If you create something that you think is cool, we have a shared repository where anyone at any time can copy, reuse, or remix the information. After spending a decade working in English departments, I can’t tell you how refreshing I find this work. The eLC is one of the best professional experiences I’ve ever had, and my only regret is that I only see them as a group four times a year. My work with the eLC is so unlike anything I’ve ever done as a teacher or a student.
So back to the SFWH: Yesterday when I was working on the SFWH at a coffee shop, my caffeinated husband started singing “As I walk through, this wiki world…” and said, “you need to title one your pages with that.”
Me: It’s “wicked world”–that’s what Elvis is singing about.
Him: I thought you could write whatever you want “cuz, what’s so funny about peace love and understanding…”
Then we looked up the video:
Then we talked about how we choose to see Wilco instead of Elvis Costello at Seattle’s Bumbershoot (a music festival) years back. No regrets on that–then he brought up a story about Seattle that I had forgotten.
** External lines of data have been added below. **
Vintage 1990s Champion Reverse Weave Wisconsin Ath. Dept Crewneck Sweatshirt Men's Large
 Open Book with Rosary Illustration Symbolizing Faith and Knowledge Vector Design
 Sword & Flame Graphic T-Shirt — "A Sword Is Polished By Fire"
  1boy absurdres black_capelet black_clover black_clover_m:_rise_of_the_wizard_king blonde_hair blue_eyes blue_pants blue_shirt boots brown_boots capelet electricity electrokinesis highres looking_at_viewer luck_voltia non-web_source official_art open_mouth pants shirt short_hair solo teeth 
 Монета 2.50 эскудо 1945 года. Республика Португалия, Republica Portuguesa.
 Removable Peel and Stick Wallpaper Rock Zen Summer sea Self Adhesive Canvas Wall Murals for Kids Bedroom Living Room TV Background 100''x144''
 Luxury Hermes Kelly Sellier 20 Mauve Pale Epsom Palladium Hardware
And I said, “Okay, I need to focus. I can’t have all those crazy typos again. ”
To which he replied, “Cool, I’ll let you walk through your wiki-world.”
Awesome! I am only partway thru this but couldn’t stop myself. Laughed out loud at the Assange confusion. Hilarious
Ok finished ur post now. Will be sharing it widely, it’s so awesome 😉 And i remember that post of mike’s – i commented in it about teachers like u (tho i didn’t know u back then, right? Wow has it been only 2 weeks?)
Ha ha! I was thinking the same thing. I actually want to get back to that post–it’s on my list. Oh so much:) But yes, I know, the Assange confusion was so real for them. It made me realize how much misinformation is out there for students. I’m sure when “Cliff Notes” came out, there was the same hatred from teachers about short-cuts.